„WIR REVOLTIEREN HIER GEGEN DIE SITUATION: SETZEN DEM DOKT[R]INÄREN KLEMBIM KEINEN DOKT[R]INÄREN KLIMBIM GEGENÜBER.“ Entwurf der Marginalie Alfred Kolleritschs für die manuskripte Nummer 27 (1969)
Das Objekt zeigt den Entwurf des in Heft 27 erschienenen Kommentars Kolleritschs. Wohl in Eile und nur für die persönliche Lektüre bestimmt, notierte er seine Gedanken in einen Tages-Stunden-Vormerk-Kalender (der Firma Hornig) im DIN-A5- Format aus dem Jahr 1969. Die jeweils rechte Seite ist für einen Wochentag vorgesehen und bietet eigentlich die Möglichkeit für Termin-Eintragungen von 8 bis 19.30 Uhr. Diesen Platz nutzte Kolleritsch gerne für seine Notizen, die sich bei vorliegendem Entwurf über acht Seiten vom 21. Jänner bis zum 1. Februar erstrecken. Der gedrängte Duktus der Handschrift, viele Verschleifungen, vor allem im Auslaut, Kontraktionen, fehlende Markierungen der Umlaute sowie teilweise stenographische Kürzel und Streichungen erschweren die Lektüre, wenngleich sie gleichzeitig einen Einblick in Kolleritschs Arbeitsweise gewähren. Nur wenige Passagen des Entwurfs ließ er in der endgültigen Fassung seiner Marginalie unberücksichtigt; zumeist änderte er nur einzelne Wörter oder Formulierungen. Die präzise Ausformulierung der Gedankengänge überrascht für eine Entwurfsstufe, lediglich die beiden letzten Seiten des Texts weisen zahlreiche Verschiebungen, Einfügungen und Streichungen auf. Einige davon dürften zu einem späteren Zeitpunkt erfolgt sein, da Kolleritsch zwei distinkte Stifte verwendete. Bei der Einfügung am Ende der Seite vom 31. Jänner ist beispielsweise erkennbar, dass das Wort „außerhalb“ nur mehr auf das Papier gedrückt wurde, die Mine also keine Farbe mehr abgegeben hat – mitsamt ‚Schreibproben‘ auf der sonst leer gelassenen linken Seite. Die Transkription wurde graphemgenau angefertigt und verzichtet gemäß editorischen Standards auf eine unmarkierte Emendation oder die Markierung von Fehlern im Text.

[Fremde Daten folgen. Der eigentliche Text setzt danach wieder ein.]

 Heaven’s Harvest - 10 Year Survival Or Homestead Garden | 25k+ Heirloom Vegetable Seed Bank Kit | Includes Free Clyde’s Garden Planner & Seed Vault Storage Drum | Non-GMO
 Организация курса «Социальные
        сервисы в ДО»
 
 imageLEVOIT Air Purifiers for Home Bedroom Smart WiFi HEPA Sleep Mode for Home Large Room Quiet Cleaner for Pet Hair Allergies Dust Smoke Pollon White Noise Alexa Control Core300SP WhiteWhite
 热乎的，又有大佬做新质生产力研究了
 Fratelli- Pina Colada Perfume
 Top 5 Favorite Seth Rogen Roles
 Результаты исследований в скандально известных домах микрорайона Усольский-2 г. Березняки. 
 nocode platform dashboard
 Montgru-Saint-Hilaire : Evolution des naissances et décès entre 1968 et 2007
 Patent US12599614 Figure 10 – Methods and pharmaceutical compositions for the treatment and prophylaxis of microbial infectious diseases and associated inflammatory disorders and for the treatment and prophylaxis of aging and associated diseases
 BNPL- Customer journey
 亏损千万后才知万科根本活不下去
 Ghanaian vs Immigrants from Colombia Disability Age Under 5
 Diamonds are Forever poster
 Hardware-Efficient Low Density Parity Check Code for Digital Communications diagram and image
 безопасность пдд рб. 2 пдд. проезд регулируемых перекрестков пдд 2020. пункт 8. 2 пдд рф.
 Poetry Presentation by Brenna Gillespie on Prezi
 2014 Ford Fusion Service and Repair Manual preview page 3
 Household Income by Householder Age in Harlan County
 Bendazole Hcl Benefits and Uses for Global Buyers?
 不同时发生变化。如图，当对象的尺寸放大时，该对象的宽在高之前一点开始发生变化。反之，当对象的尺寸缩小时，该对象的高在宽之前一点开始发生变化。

Im Jahr 1969 entbrannte in den Heften 25 bis 27 der manuskripte eine Diskussion um die gesellschaftliche Funktion von Kunst und Literatur. Angeheizt von der in diesen Bereichen immer stärker um sich greifenden Politisierung, insbesondere in der BRD und im Zusammenhang mit der 68er-Bewegung, entfachte sich die Debatte um ästhetische und moralische Werte, die in der Geschichte der manuskripte einmalig bleiben sollte.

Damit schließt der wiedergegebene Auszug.